Location: Crop Bioprotection ResearchTitle: Dual transcriptional analysis of Ocimum basilicum and Peronospora belbahrii in susceptible interactions
|TIAN, MIAOYING - University Of Hawaii|
|DUDAI, NATIV - Agricultural Research Organization Of Israel|
|TAL, OFIR - Agricultural Research Organization Of Israel|
|GONDA, ITAY - Agricultural Research Organization Of Israel|
Submitted to: Plant Gene
Publication Type: Peer Reviewed Journal
Publication Acceptance Date: 12/7/2021
Publication Date: 12/11/2021
Citation: Johnson, E.T., Kim, H., Tian, M., Dudai, N., Tal, O., Gonda, I. 2021. Dual transcriptional analysis of Ocimum basilicum and Peronospora belbahrii in susceptible interactions. Plant Gene. 29. Article 100350. https://doi.org/10.1016/j.plgene.2021.100350.

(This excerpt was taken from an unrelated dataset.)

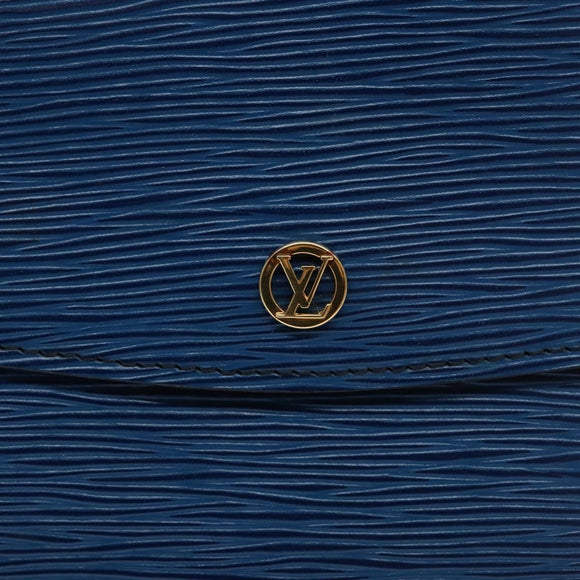 LOUIS VUITTON Epi Montaigne 27 Clutch Bag Blue M52655 LV Auth 135873
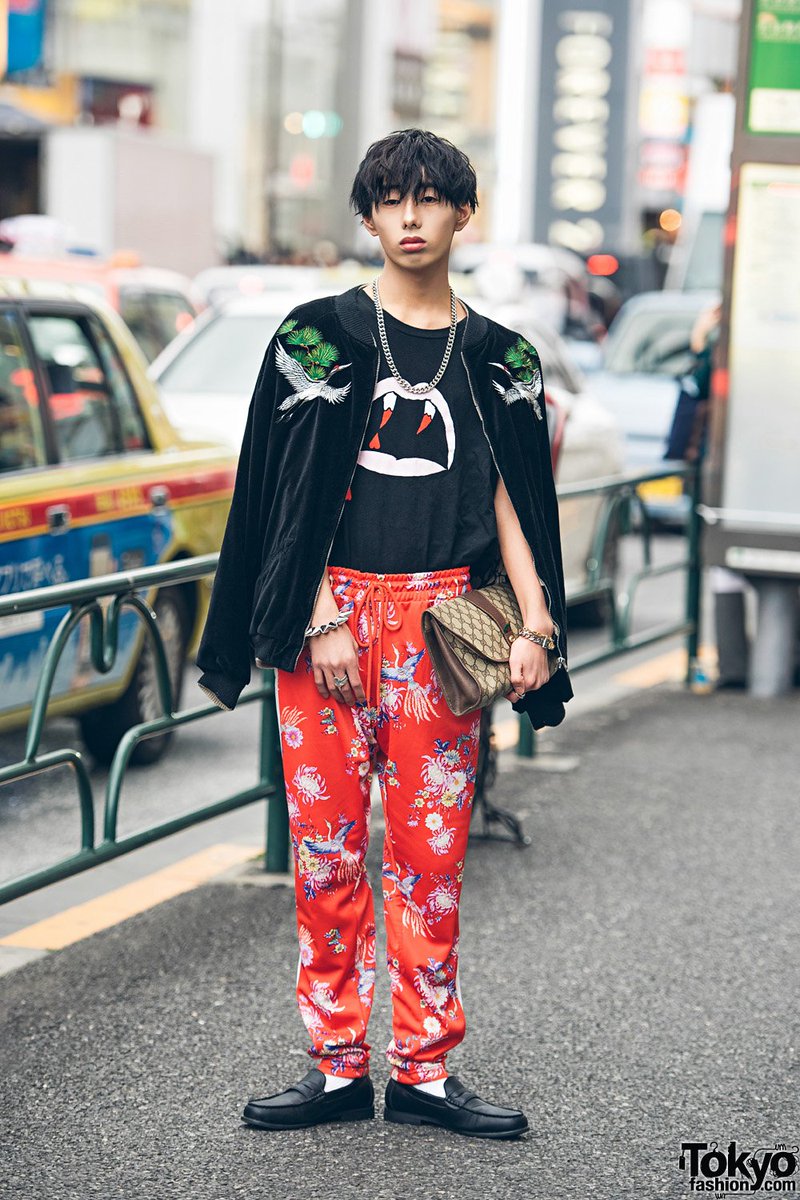 19-year-old Manaya in Harajuku w/ Kula Japanese souvenir jacket, Saint Laurent vampire shirt &amp;amp; clutch | Tokyo Fashion | Scoopnest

Interpretive Summary: Downy mildew damages susceptible basil cultivars every year in the United States. The pathogen responsible for downy mildew disease on basil has not been well studied at the molecular level, primarily because the pathogen will not grow on artificial growth medium, but only on living plants. This report is the first to identify a large set of basil genes that are expressed in susceptible leaves in response to basil downy mildew three and six days after inoculation. A number of potential plant defense genes were upregulated at these time points in response to the pathogen. Many genes contributing to efficient photosynthesis were downregulated at these time points. The downy mildew pathogen infecting the leaves expressed high levels of genes coding for enzymes that likely degrade plant cell walls, which provides energy for the pathogen. These results improve our knowledge of the infection process of basil downy mildew and could aid the development of more effective measures for reducing the severity of the disease.
Technical Abstract: Basil downy mildew, caused by the pathogen Peronospora belbahrii, is a major problem for sweet basil growers worldwide. The genome sequences of both Ocimum basilicum and P. belbahrii were recently completed but extensive transcriptome analysis of this pathosystem has not been completed. RNA sequencing was performed using basil leaf samples (of a susceptible cultivar) collected three and six days after inoculation with sporangia from an Illinois isolate of P. belbahrii and 11,890 differentially expressed basil genes were identified (q value <0.05). Gene enrichment analysis identified several Gene Ontology (GO) terms that were upregulated in inoculated basil leaves compared to mock control leaves which included groups of putative defensive genes (False Discovery Rate (FDR)'<'0.05). In addition, there were several GO terms related to photosynthesis in the infected leaves that were downregulated in comparison to control leaves at statistically significant levels (FDR'<'0.05). The pathogen's transcriptome data also identified three highly expressed transcripts encoding secreted glycoside hydrolases (GH, each transcript level was greater than 70,000 transcripts per million, TPM), which likely release sugars from the plant cell walls needed for the growth of the pathogen. Moreover, two of these GH transcripts were also highly expressed (greater than 30,000 TPM) in susceptible basil leaves infected by a Hawaiian isolate of P. belbahrii in an independent experiment performed with a different basil cultivar. These results demonstrate a multilevel response of sweet basil to P. belbahrii that is not effective enough to block the pathogen.